In some cases, litigants seeking to escape an arbitration clause will plead their claims to take advantage of statutory causes of action or remedies that can only be ordered by a court. The theory is that such claims and remedies render the arbitration clause “null and void, inoperative or incapable of being performed”, which is one of the only ways for a court to avoid the common law and statutory directions to stay court proceedings where the parties have agreed to arbitration. This test comes from Article 8(1) of the UNCITRAL Model Law on International Commercial Arbitration, UN Doc. (Sales No. E.08.V.4) (2008) [Model Law], which has been adopted in every Canadian province, including Ontario.

In Zwack, the plaintiffs adopted this approach and argued that their claims were like those considered by the Supreme Court of Canada in Seidel v Telus Communications Inc., [2011] 1 SCR 533 [Seidel]. That case involved British Columbia consumer protection legislation that creates broad statutory rights of action that can be pursued by virtually anyone, including those who have suffered no damage as a result of the alleged shabby conduct.

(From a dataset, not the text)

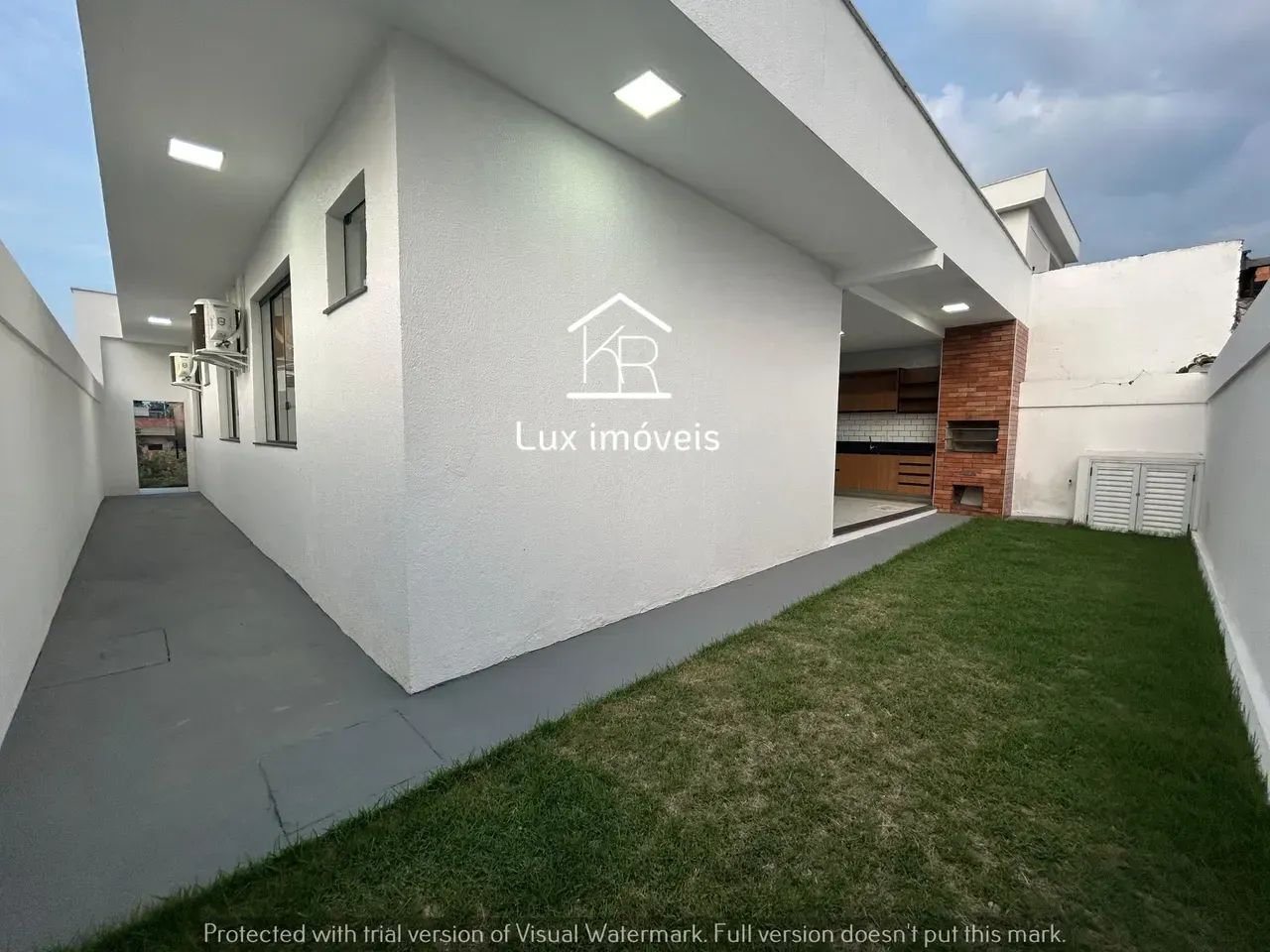 Morada dos Pássaros/ 3 quartos, sendo 1 suíte com closet / semi mobiliada / churrasqueira - Foto 3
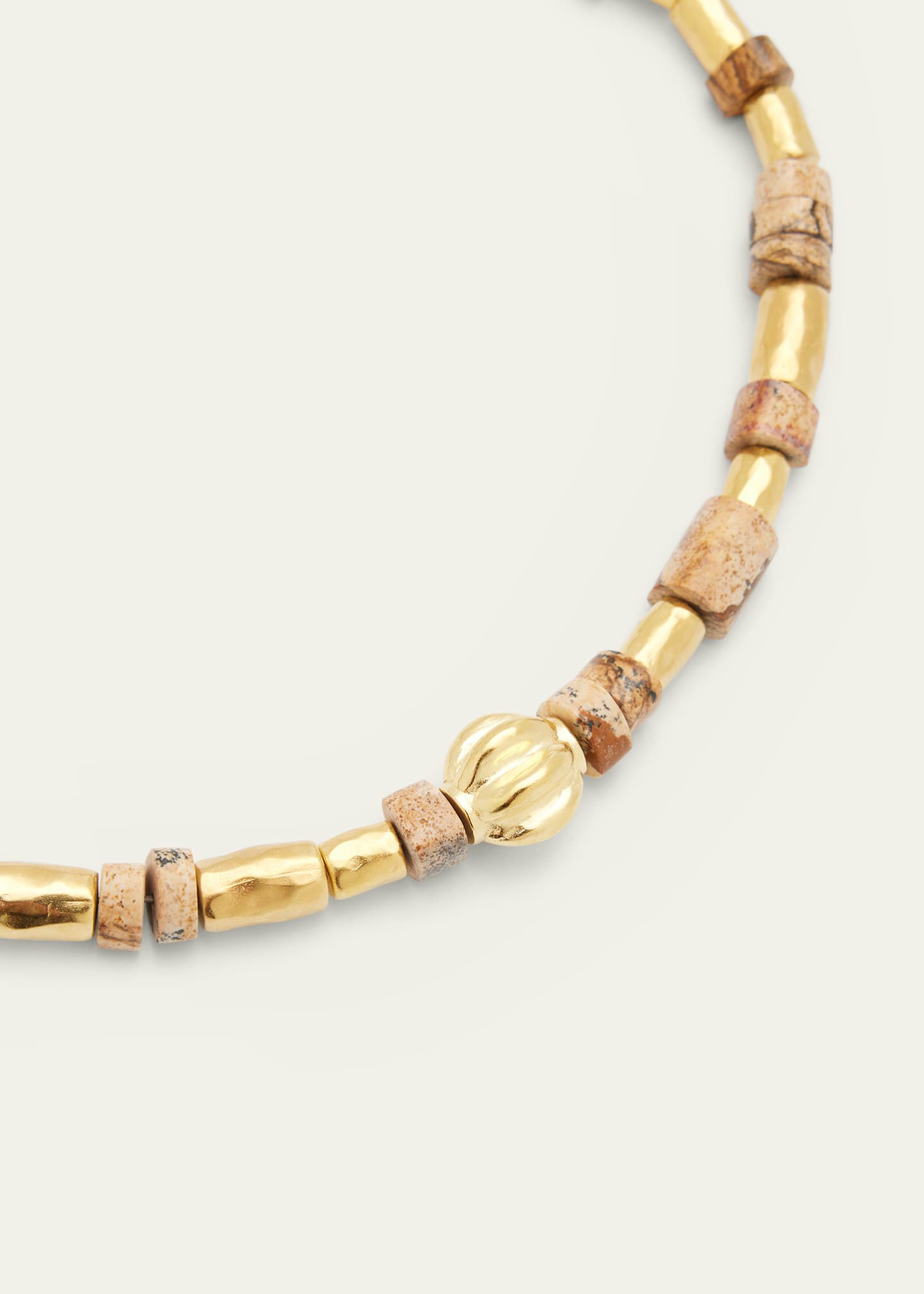 Pamela Love Valentine Necklace with Jasper Image 3 of 4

The B.C. legislation specifically contemplates the claims being brought as court proceedings. The Court in Seidel reasoned at para. 32 that, “[o]pening the door to private enforcement in the public interest vastly increases the potential effectiveness of the Act and thereby promotes adherence to the consumer standards set out therein.” The Court went on to say at para. 40 that this provision “offers remedies different in scope and quality from those available from an arbitrator and constitutes a legislative override of the parties’ freedom to choose arbitration.”

Justice Schwann considered Seidel and found that the analogous Saskatchewan legislation did not have the same clear mandate for “consumer activism”, and that the mere existence of statutory rights of action do not result in “legislative override” of an arbitration provision. Without cogent evidence of legislative intent to bar arbitration, Justice Schwann found that the Model Law’s direction to stay the court proceedings must be followed.

The reasons in Zwack are clear and well-researched, and they provide a useful guide to analyzing whether legislation that does not specifically bar arbitration may nonetheless amount to a legislative override of an arbitration clause. The threshold for finding such an override remains high, which is consistent with Canada’s support for the private arbitration system.